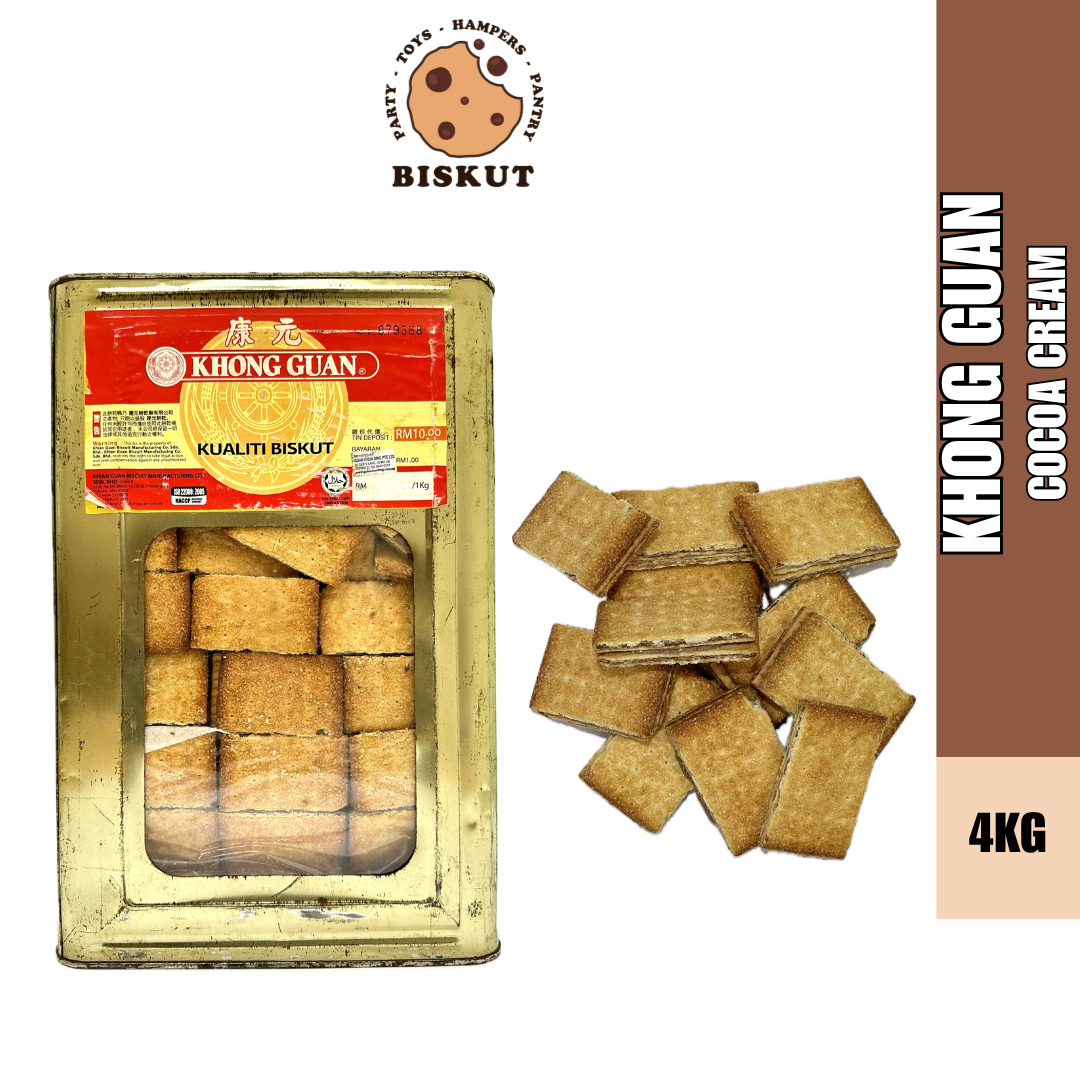 Khong Guan Cocoa Cream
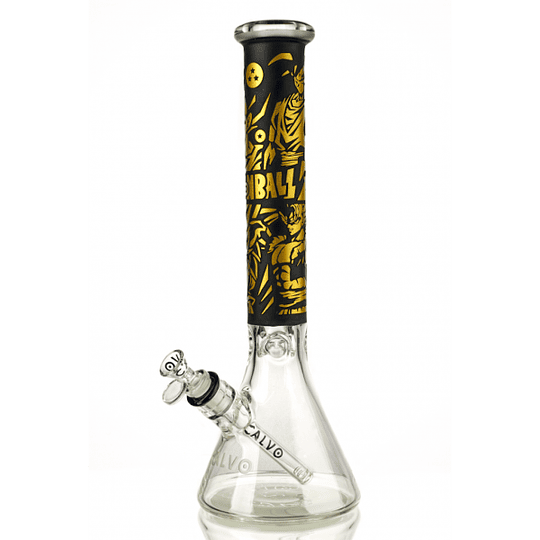Calvo Glass Bong Beaker Dragon Ball Z 40cm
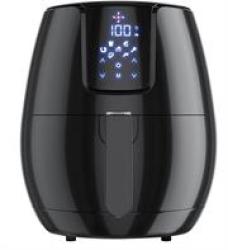 Bennet Read Digital Airfryer-spacious 3.5 Litre Non-stick Fry Basket With Durable 4.2 Litre Non-stick Drawer 1500W Air-frying Power Cook Grill Fry Roast Broil Toast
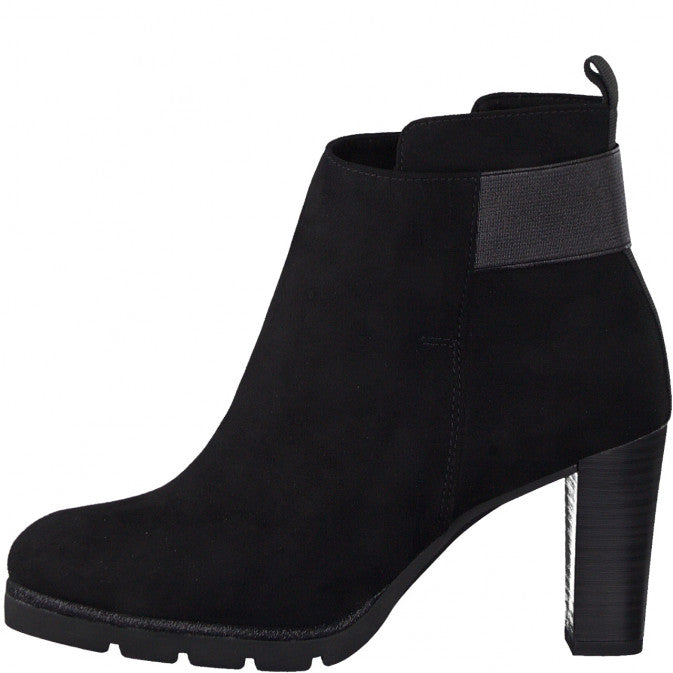 Black Heeled Boot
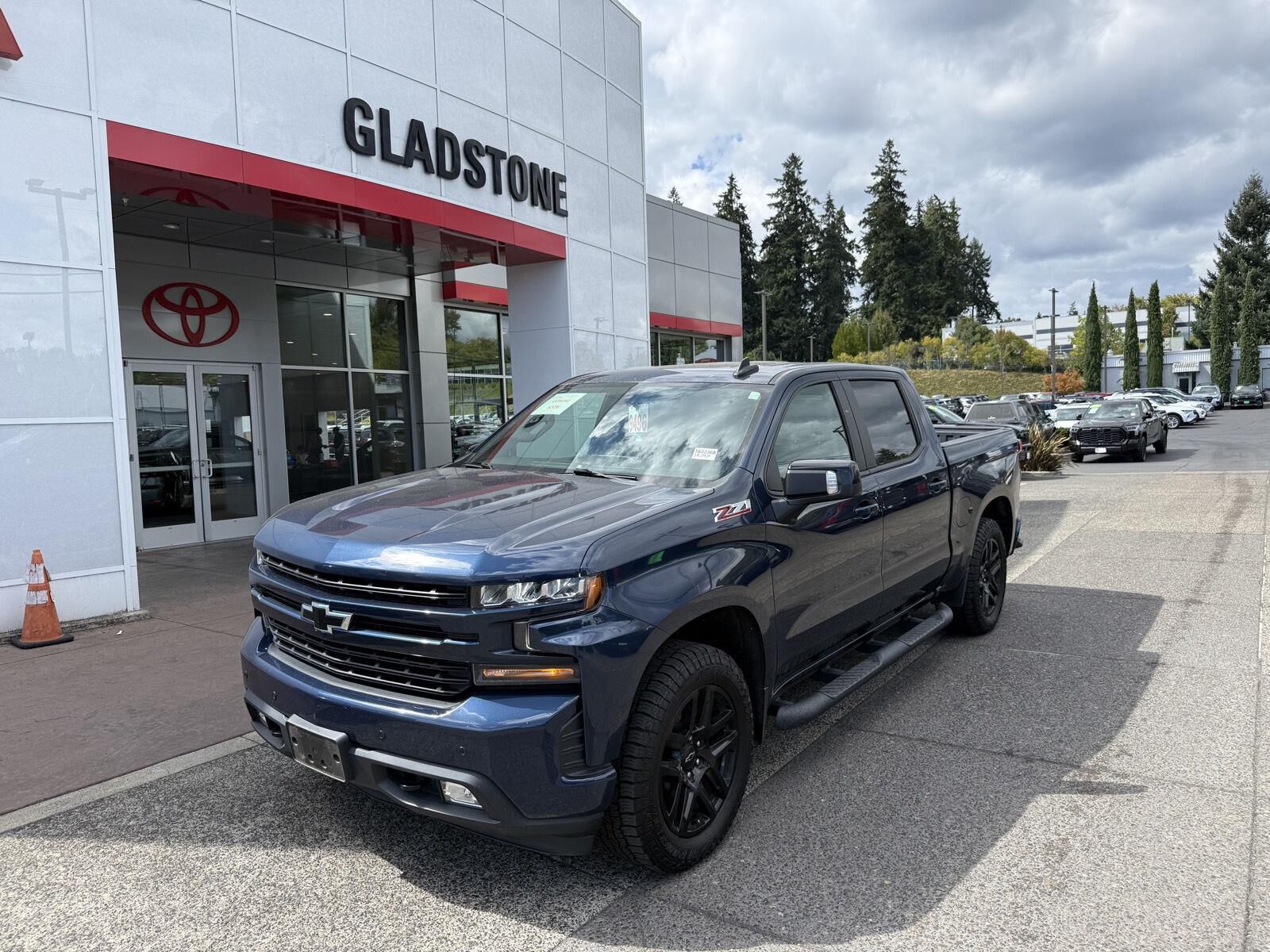 2022 CHEVROLET Silverado LTD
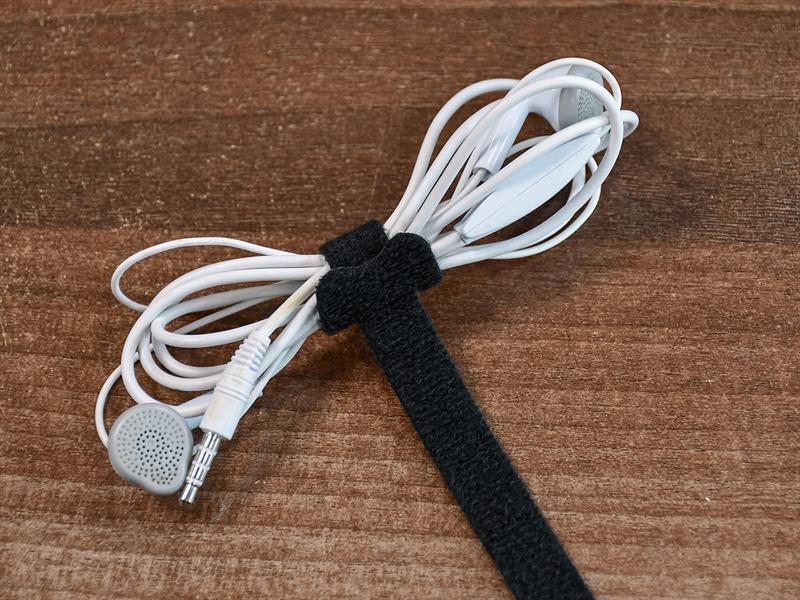 Hook & Loop Cable Ties (10) 12.5 x 150mm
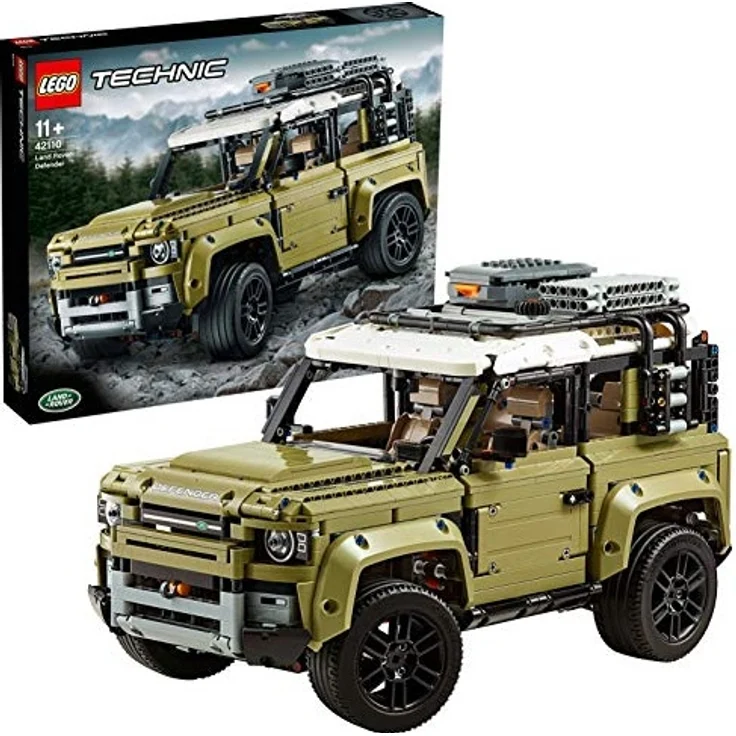 LEGO Technic 42110 'Land Rover Defender,' 2573 Teile, ab 11 Jahren, authentisches Modell – Bild 1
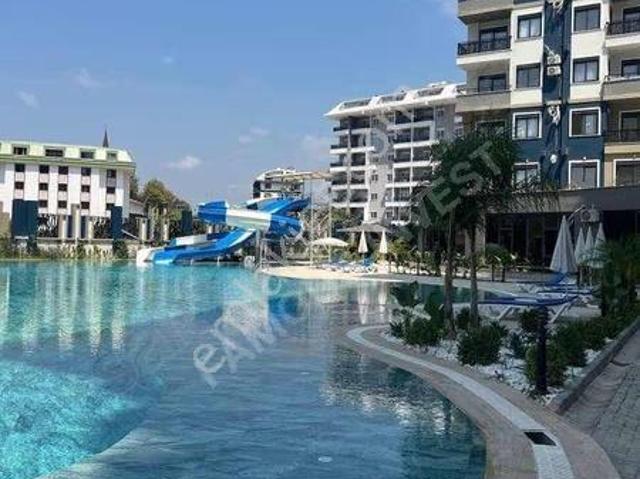 Alanya Avsallar'da Sıfır, Deniz Manzaralı 1+1 Yatırımlık Daire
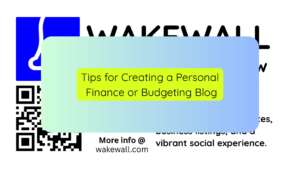 Tips for Creating a Personal Finance or Budgeting Blog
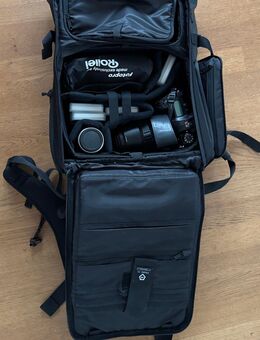 Phantastischer Kombi-Wander-/Fotorucksack - Köln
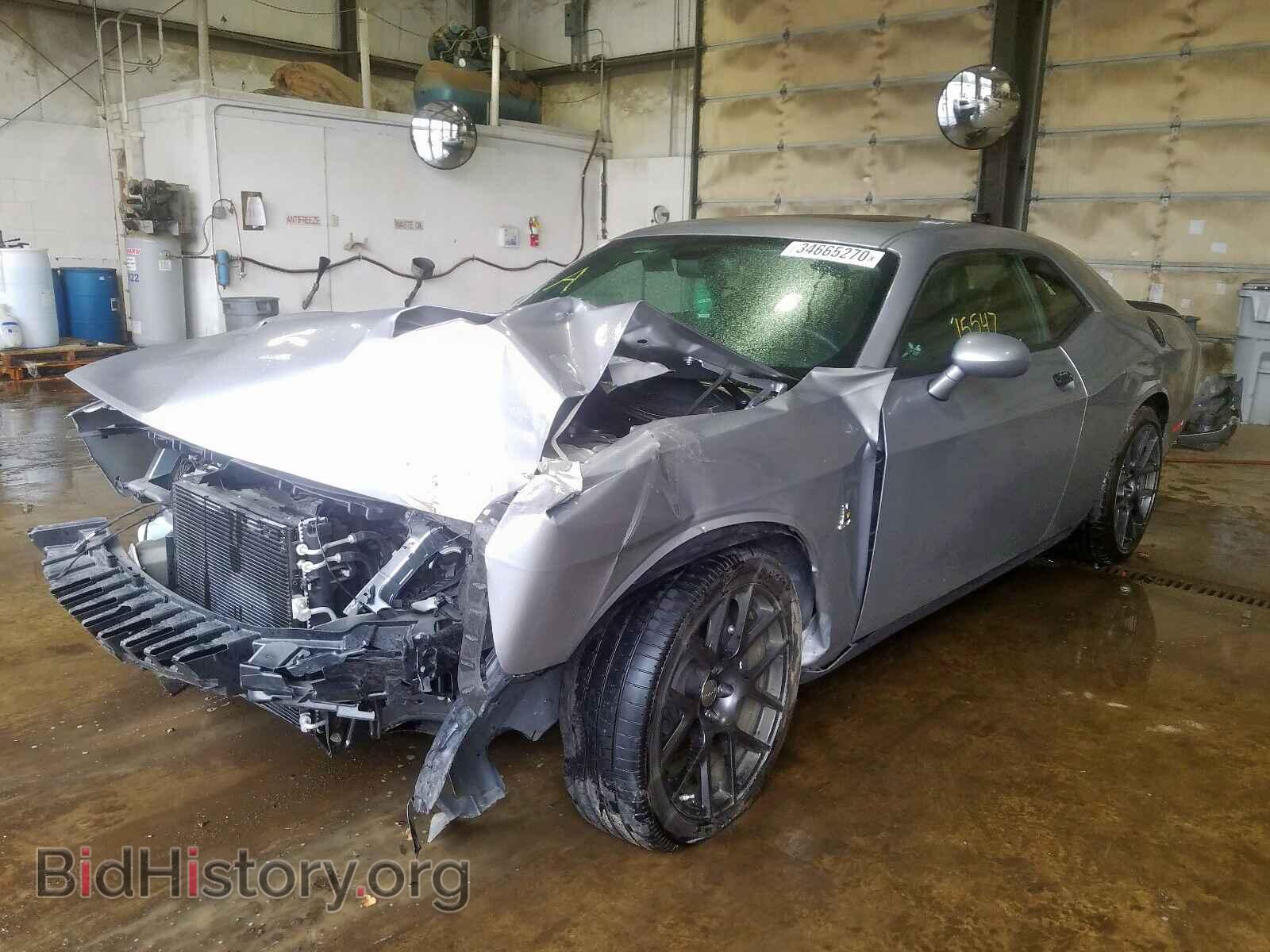 2016 DODGE CHALLENGER - VIN: 2C3CDZFJXGH308776 - Photo 2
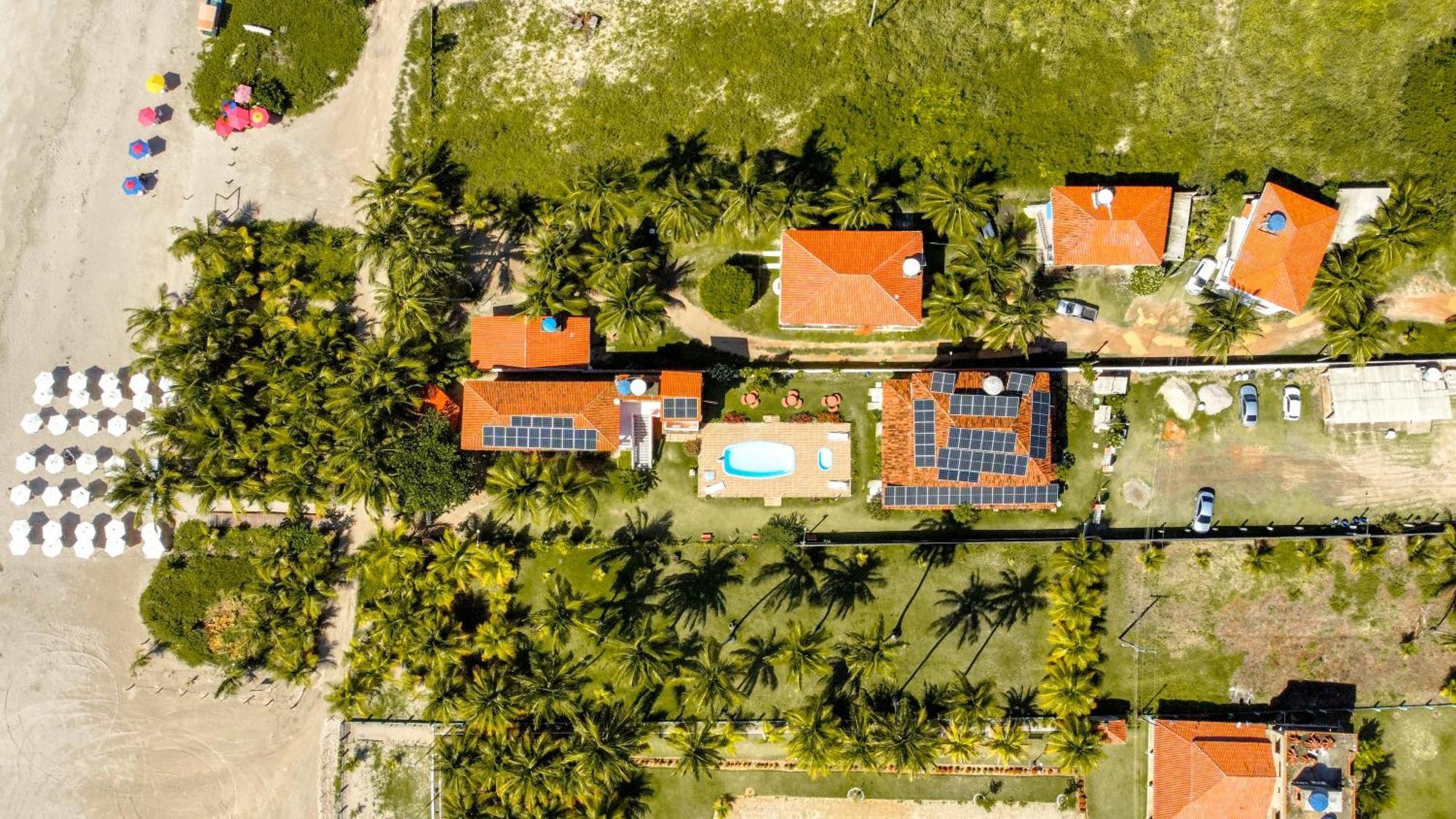 Pousada Xareu Maragogi Exteriör bild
━━━━━━━━━━
▶ _What the exercise asks_: Reproduce exactly the lines from the one containing "Hook & Loop Cable Ties (10) 12.5 x 150mm" through the last line of the records, both included, leaving out every picture.

▶ _Output_:
 Hook & Loop Cable Ties (10) 12.5 x 150mm
 LEGO Technic 42110 'Land Rover Defender,' 2573 Teile, ab 11 Jahren, authentisches Modell – Bild 1
 Alanya Avsallar'da Sıfır, Deniz Manzaralı 1+1 Yatırımlık Daire
 Tips for Creating a Personal Finance or Budgeting Blog
 Phantastischer Kombi-Wander-/Fotorucksack - Köln
 2016 DODGE CHALLENGER - VIN: 2C3CDZFJXGH308776 - Photo 2
 Pousada Xareu Maragogi Exteriör bild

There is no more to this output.